Ukraine’s Parliament is in a state of disarray.
Under martial law, with the country at war, no elections are possible to replace members who switched jobs, joined the army, fled the country or quit. The Parliament regularly gathers with more than 10 percent of its lawmakers absent.
Though legally obliged to attend hearings when summoned, ministers sometimes do not show up, without repercussions.
President Volodymyr Zelensky’s party, once a political juggernaut, has in effect lost its majority by unraveling into factions. To pass key bills, it is forced to rely on support from lawmakers who belonged to a now-banned pro-Russian party.
The overall picture, said Volodymyr Fesenko, a Ukrainian political analyst, is of a Parliament sidelined during the war and slipping from its once powerful role in Ukrainian democracy.
“In a state of martial law, with our centralization of state management and the end of public politics, Parliament lost its influence,” Mr. Fesenko said.
The dysfunction in Parliament, and the unusual voting alliance between the governing party and former members of the disbanded pro-Russian party, has dented the government’s credibility as it struggles to reset its war effort after months of Russian advances.
The disarray thwarts any meaningful role for the Parliament in the oversight of government agencies, critics say, even as billions of dollars in foreign aid money pours into Ukraine. Accusations of corruption or mismanagement emerge regularly: In May, an official overseeing mostly Western-financed reconstruction in Ukraine resigned, citing poor management of funds.
The tumult has also intensified criticism that too much power is concentrated in the president’s office, beyond what is already granted under martial law.
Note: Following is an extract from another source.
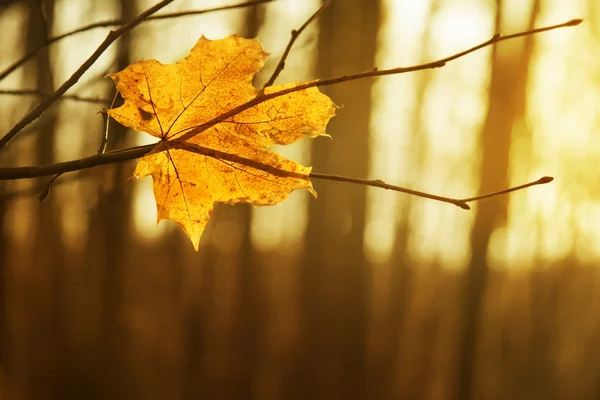 Hoja seca de otoño atascada en el bosque — Foto de Stock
That has been a focus of Mr. Zelensky’s critics since the beginning of the war, when he consolidated television outlets under one state-run station and curbed the ability of ministers to act independently.
Nobody is alleging serious infractions of the Constitution. A majority of Ukrainians still support Mr. Zelensky, though that number has fallen, and even his critics concede that war requires some centralization of decision making.
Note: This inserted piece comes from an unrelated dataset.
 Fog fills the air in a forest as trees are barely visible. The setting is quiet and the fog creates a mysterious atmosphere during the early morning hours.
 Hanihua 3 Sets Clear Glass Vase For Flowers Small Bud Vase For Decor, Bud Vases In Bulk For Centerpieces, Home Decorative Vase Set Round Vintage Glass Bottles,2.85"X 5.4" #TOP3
That the Parliament has even convened during the war counts as a success, some lawmakers and outside analysts say. Early in the invasion, members gathered only hastily, in secret, then quickly scattered from the domed Parliament building in Kyiv, lest a Russian missile kill or injure all of them in a single strike. After air defenses improved, regular sessions resumed.
Under the Constitution, Ukraine’s Parliament is intended to wield more power than the presidency. Parliament appoints most ministers and approves the smaller number appointed by the president. It has played pivotal, independent roles in past crises. But not during this war.
Part of the problem is that Mr. Zelensky’s party, called Servant of the People, is itself hindered by turf wars and infighting.
Divisions that emerged before the invasion have only deepened. The unanimous votes that signaled solidarity early in the invasion are a faded memory. The war muddles party discipline; rogue voting is grudgingly tolerated.
In one example, about 20 members of Parliament have formed a faction opposed to Mr. Zelensky; 15 of them formally remain in the president’s party.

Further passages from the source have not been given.